Do tej pory byliśmy świadkami wojny między Piotrem Kownackim a Michałem Kamińskim. Wszyscy wiedzieli, że panowie się nie znoszą. Kamiński jednak wyjechał do Parlamentu Europejskiego. Teraz Piotr Kownacki pozostawił w cieniu także Macieja Łopińskiego, który zawsze był blisko prezydenta, a nagle dla opinii publicznej zniknął. Kownacki powinien więc skorzystać z sytuacji, że chwilowo nie ma wokół siebie konkurencji. Tymczasem mam nieodparte wrażenie, że w każdym kolejnym wywiadzie zalicza jakąś wpadkę. Przede wszystkim ma dość dziwne dowcipy. Rozpoczynając kampanię prezydencką Lecha Kaczyńskiego, odniósł się do sondażu „Gazety Wyborczej”, w którym wygrała Jolanta Kwaśniewska. Powiedział, że największe szanse, żeby zostać prezydentem, ma Koziołek Matołek. Chcąc dopiec Jolancie Kwaśniewskiej, przy okazji obraził więc swojego pracodawcę. To ryzykowne posunięcie, zważywszy, że wcześniej intensywnie zabiegał o to, by pracować w kancelarii prezydenckiej. Teraz cały czas tam jątrzy. Po dobrym spotkaniu prezydenta z premierem potrafił tak dolać oliwy do ognia, że wszczynał awanturę.

Nie pozostaje mi nic innego, jak współczuć Lechowi Kaczyńskiemu. Bo poza Kownackim ma jeszcze w swoim otoczeniu byłego ministra Michała Kamińskiego, którego teraz krytykuje cała prasa brytyjska. Pisze o tym, że Kamiński jest homofobem i facetem, który odwiedzał Pinocheta. W tym całym zamieszaniu przypomina mi się pewna historia. Gdy Sławomir Siwek odszedł z kancelarii Lecha Wałęsy, strasznie go krytykując, powtórzyłam mu w radiu znane powiedzenie: widziały gały, co brały.

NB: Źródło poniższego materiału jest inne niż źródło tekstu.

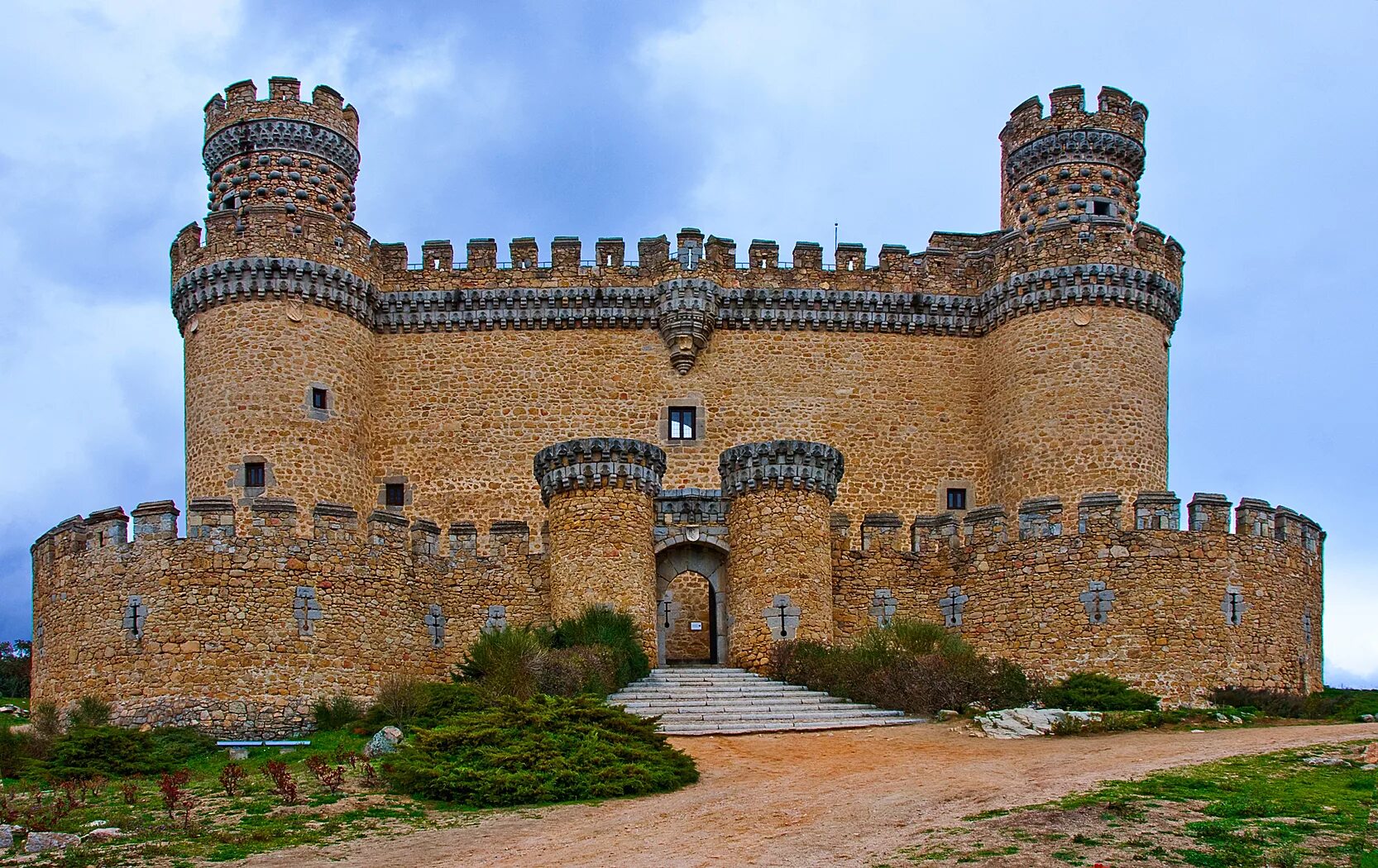 Замок Мансанарес-Эль-Реал замки Испании. Замок Мансанарес Мадрид. Замок Мендоса Испания. Замок Барсьенсе, Испания. Самая крупная крепость из сохранившихся и действующих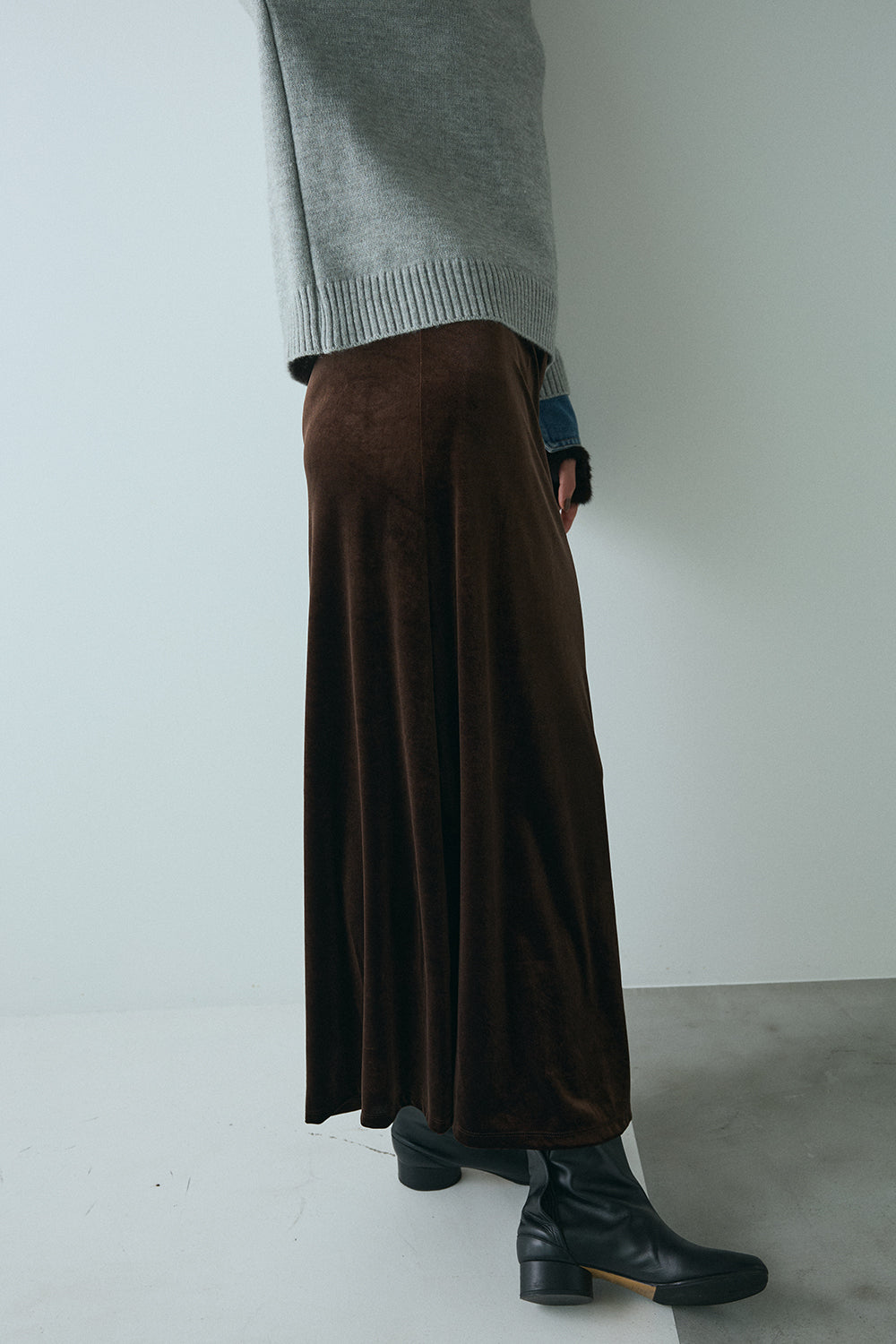 【予約：1月下旬〜2月上旬】Velvet Long Skirt／60251102053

Dziś pewne jest, że Kownacki wiele zawdzięcza Lechowi Kaczyńskiemu. Został przecież szefem PKN Orlen nie ze względu na swój wielki talent, ale tylko dzięki obecnemu prezydentowi. Jeżeli coś mu się nie podoba, to powinien odejść. Nie wypada krytykować szefa. Niektórzy twierdzą, że Kownacki, mówiąc to wszystko w ostatnim wywiadzie, odnosił się do poważnych spraw ze zwykłą ironią. Niestety, nie przełożyła się ona na papier. Może wszystko brzmiałoby inaczej, gdyby rozmowa odbyła się w telewizji albo radiu... A może, gdy panowie rozmawiali, był wielki upał i dużo wina? Jeżeli jednak mówi się publicznie, że w Kancelarii Prezydenta panuje chaos, prezydent jest za bardzo autentyczny, zbyt szczery, a jego praktyką jest działanie bez żadnego planu, to trzeba liczyć się z konsekwencjami. Ponadto Lech Kaczyński – według Kownackiego – jest niechętny oficjalnym ceremoniom i woli spotykać się z mieszkańcami wsi i miast, a wobec swoich pracowników stosuje same niemal kary. Szczerze wątpię, czy można te słowa odbierać jako ironię.

Reklama

Wyobrażam sobie, jak Lech Kaczyński opowiada teraz, że to jego szef kancelarii jest jakiś niepoukładany i nie wiadomo, o co mu chodzi. Jeśli Piotr Kownacki pozostanie na swoim fotelu, będzie to znaczyło, że prezydent ma zupełnie niezwykłe poczucie humoru.